Women, you know, have a weird relationship with shoes – a love/hate type of relationship. They love them, especially when it comes to Disney-esque, dreamy stilettos that make them feel like a princess. However, like any respectable love story, it is a troubled one. The most uncomfortable shoes – stilettos, open sandals, thigh-squeezing boots – are the most loved and appreciated, and at the same time the most uncomfortable. You’d think that, being part of a civilized species that always privileged comfort and practicality over struggle and torment, we’d stay away from torture tools that butcher our lower limbs.

Wrong.

Like Goethe’s moth, attracted to the deadly flame, women are condemned to gravitate towards painful footwear, or else suffer social alienation and live miserably but comfortably in a pair of UGGs.

Alan snaps his fingers in front of my face, interrupting my thoughts.

“Hey, you there?
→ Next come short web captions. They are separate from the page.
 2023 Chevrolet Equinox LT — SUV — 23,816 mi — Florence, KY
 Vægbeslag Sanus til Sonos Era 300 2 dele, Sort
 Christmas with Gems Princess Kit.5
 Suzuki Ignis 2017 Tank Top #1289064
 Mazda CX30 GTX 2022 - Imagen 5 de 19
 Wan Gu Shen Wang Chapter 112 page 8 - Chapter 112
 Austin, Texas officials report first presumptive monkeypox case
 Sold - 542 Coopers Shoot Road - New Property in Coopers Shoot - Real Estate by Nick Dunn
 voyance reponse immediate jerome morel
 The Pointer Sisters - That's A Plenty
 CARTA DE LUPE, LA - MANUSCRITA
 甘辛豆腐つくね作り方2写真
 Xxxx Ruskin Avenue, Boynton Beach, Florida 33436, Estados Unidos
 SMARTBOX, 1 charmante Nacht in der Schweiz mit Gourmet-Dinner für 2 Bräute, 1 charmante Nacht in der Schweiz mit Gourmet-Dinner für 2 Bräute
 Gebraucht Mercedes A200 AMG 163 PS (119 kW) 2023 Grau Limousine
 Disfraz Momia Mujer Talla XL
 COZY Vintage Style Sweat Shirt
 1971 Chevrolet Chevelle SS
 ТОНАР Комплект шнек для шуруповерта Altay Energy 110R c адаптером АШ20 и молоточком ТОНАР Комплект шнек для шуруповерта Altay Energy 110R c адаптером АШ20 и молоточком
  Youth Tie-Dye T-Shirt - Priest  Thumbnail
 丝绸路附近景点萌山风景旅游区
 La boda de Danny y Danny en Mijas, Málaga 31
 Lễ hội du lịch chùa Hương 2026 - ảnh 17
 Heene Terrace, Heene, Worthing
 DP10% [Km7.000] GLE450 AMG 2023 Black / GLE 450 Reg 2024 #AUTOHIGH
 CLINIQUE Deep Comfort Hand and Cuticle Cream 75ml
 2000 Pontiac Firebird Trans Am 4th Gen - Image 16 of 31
What do you think of these?”

He points his finger to a pair of oxford shoes in brown suede that are lying on the wooden table.

“They’re beautiful!”

The voice is not mine, but Lorenzo’s, the sale assistant that has been helping Alan trying on shoes for the past 20 minutes. “Let me fetch them for you!”

Lorenzo disappears behind a curtain and comes back with a pair of the same shoes in size 8.5 placed on a red, plushy pillow. Seriously? A pillow? What are these, the Crown Jewels?

Before handing them over to Alan, he brushes them with expert hands to revive the look of the suede. His hands move so fast that you can barely see them. In fact, he polishes the shoes so vigorously that I wonder if he expects a genie to come out of them.

Alan carefully slips into the shoes with the help of a shoehorn. I thought shoehorns disappeared at the end of 19th century, along with sun umbrellas and monocles, but I was clearly wrong.

Looking at the two men in front of me, it is clear how the evolution of mankind has changed the reasons why men bend: they no longer bend forward to grow and harvest crop, to work the earth with their naked hands. They bend on expensive Persian rugs to inspect the fit of ridiculously expensive, handmade shoes that are at the very top of the pyramid of superfluous things.

A sudden movement interrupts my musings. Alan stands up to walk a few, confident steps wearing the suede Oxfords while the sale assistant leaves us for a moment to go fetch some suede conditioner.

My husband gives a furtive look around to make sure nobody is looking at him – beside me – and then he slowly starts bending his ankles in a low-squat position.

Oh my god.

“Ari, come here”, he whispers, encouraging me to get closer with a gesture of the hand.

I reluctantly walk towards him, who is now bouncing on his squat position with his arms reaching forward.

“What are you doing?” I ask, uncertain whether I actually want to know the answer.

“I’m checking that the in-step is high enough to accommodate my ankle”, he replies, candidly.

“Does it fit?”

“I don’t know yet.”

Alan steps the right leg forward, bending the front knee and straightening the left leg. I nervously look around, worried that somebody is going to record this on video and upload it on YouTube. “Ashtanga yoga at a high-end shoe boutique in Manhattan.

“For the love of God, do you really have to do this? Can’t you just walk around like normal people?”

“I can’t. You know that.”

He hands me his phone to show me a thread on Styleforum: How should a shoe fit?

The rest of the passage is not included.